Apercebi-me ainda das ideias predefinidas que os iranianos têm em relação ao ocidente, nomeadamente às mulheres ocidentais. Fiquei com a ideia de que acham que por cá a promiscuidade e a depravação são a regra. Contavam-me histórias “picantes”, a meu ver para tentarem perceber até que ponto eu alinhava. Como “desconversei” sempre, acabei por não chegar a saber qual o objetivo da conversa.

Rui Batista Barbosa esteve no Irão em 2016 e 2019. “É um daqueles destinos que só mesmo no privilégio de o experienciar se percebe o encanto e magia que exerce em nós”

Irão
Shrine of Hilal ibn Ali, Kashan créditos: Rui Batista Barbosa

Sabia que os iranianos não eram os terroristas que os americanos (olha quem…) “pintam” e um ou outro viajante (viajante, não turista) falou-me, invariavelmente com intenso brilho no olhar, que não havia povo tão acolhedor. De igual modo, desde a adolescência, nos livros de história, ouvimos falar da incrível civilização/cultura persa. Confirmei tudo isso.

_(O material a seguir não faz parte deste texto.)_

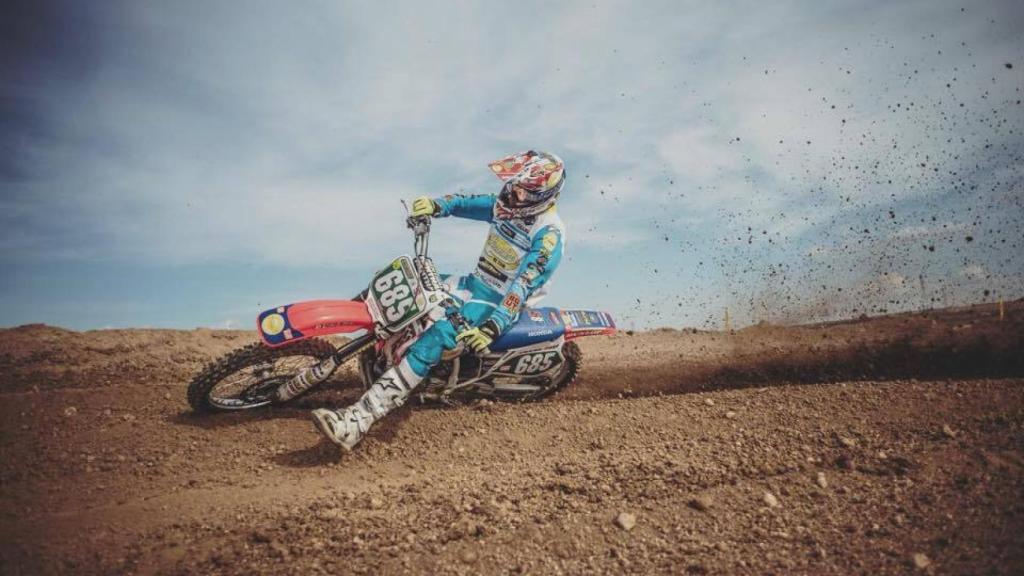 Pilotos disfrutando de las instalaciones de Totana donde en noviembre se celebró una carrera internacional.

Para mim, as pessoas são, invariavelmente, o maior património de um país. No Irão, são verdadeiramente incríveis no modo como nos acolhem, na simpatia e amabilidade (deveras genuínas) ímpares que nos dirigem. Parecido, só encontrei no Sudão, Colômbia e Iraque, neste caso, pela alegria – e raridade – de encontrarem um estrangeiro a visitar um país marcado por sucessivos conflitos e guerra.

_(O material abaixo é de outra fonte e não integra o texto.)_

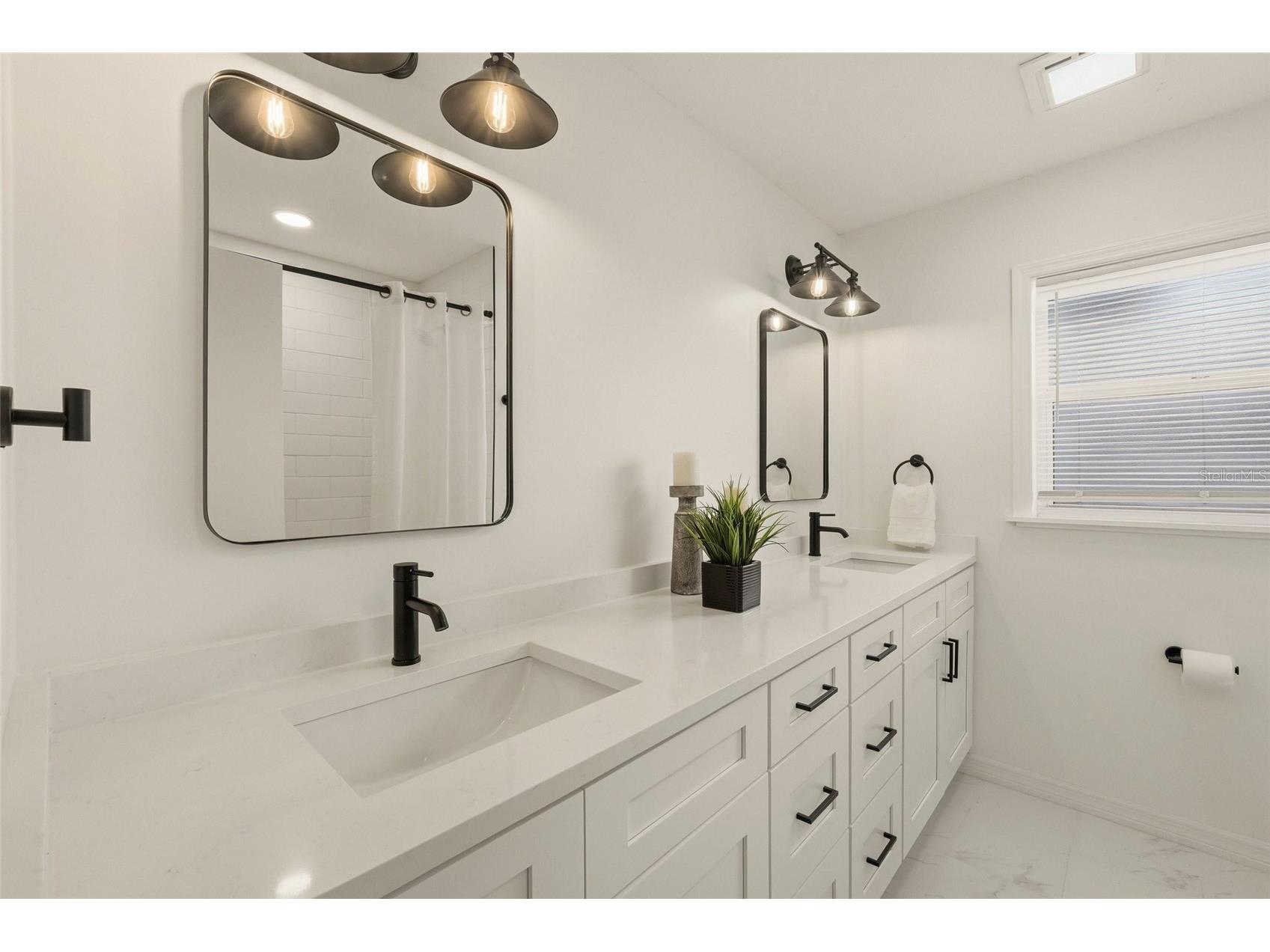 6721 13th Avenue N Saint Petersburg FL 33710 TB8509815 image14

Tudo o que nos apaixona no misterioso e intrigante Médio Oriente está concentrado no Irão: coloridos bazares. Arquitetura deslumbrante. Singular riqueza histórica. Cultura milenar. Gastronomia surpreendente. O envolvente deserto. O encantamento do chamamento do imã. Os desafios às nossas convicções…

Recordo que integrava a mítica Rota da Seda. Já se imaginaram a dormir num caravançarai, no meio do deserto, e ao relento sob uma imensidão de estrelas? Ou participar, todos finais de tarde, em encontros espontâneos de centenas de pessoas a recitar poesia ou cantar sob uma emblemática ponte em Esfahan? Ou estar em Shiraz, no mausoléu do poeta Hafez, e ver quantos choram tocando o seu túmulo enquanto declamam as suas obras? Arrepiante…

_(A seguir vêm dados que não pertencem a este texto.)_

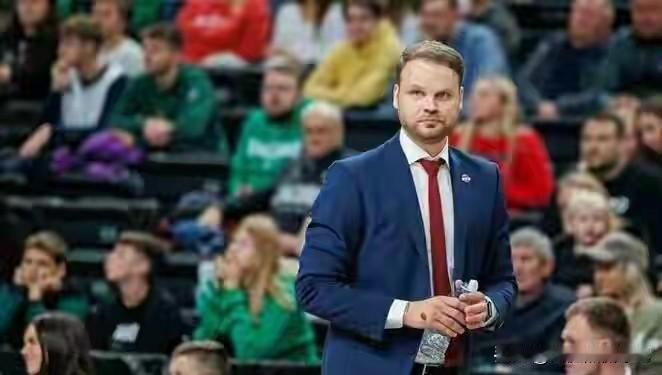 换帅？补强？山西突然签约外籍助教！山西汾酒男篮突然官宣，球队已经签约了立陶宛国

A sociedade iraniana está muito mais avançada do que estes valores tradicionais

A ideia generalizada que tenho do Irão é que esse manto religioso não é realmente opressivo. Nas maiores cidades, é usual ver-se cabelo feminino, pois os véus vão ‘afrouxando’ à medida que o dia avança. As próprias mulheres (falo somente das realidades com que me deparei) diziam sentir uma certa folga nesses costumes, acreditando que em breve deixaria de ser obrigatório.

Sobretudo nas cidades, a sociedade iraniana está muito mais avançada do que estes valores tradicionais. As pessoas são extremamente cultas e bem informadas. A esmagadora maioria dos iranianos que conheci são islâmicos moderados e não se identifica com o poder que a religião tem na sociedade, sobretudo na influência que tem sobre o poder político.

O Irão é o mais intenso desafio aos sentidos de qualquer viajante. Já tive o privilégio de explorar mais de 100 países e não encontro outro tão completo e apaixonante.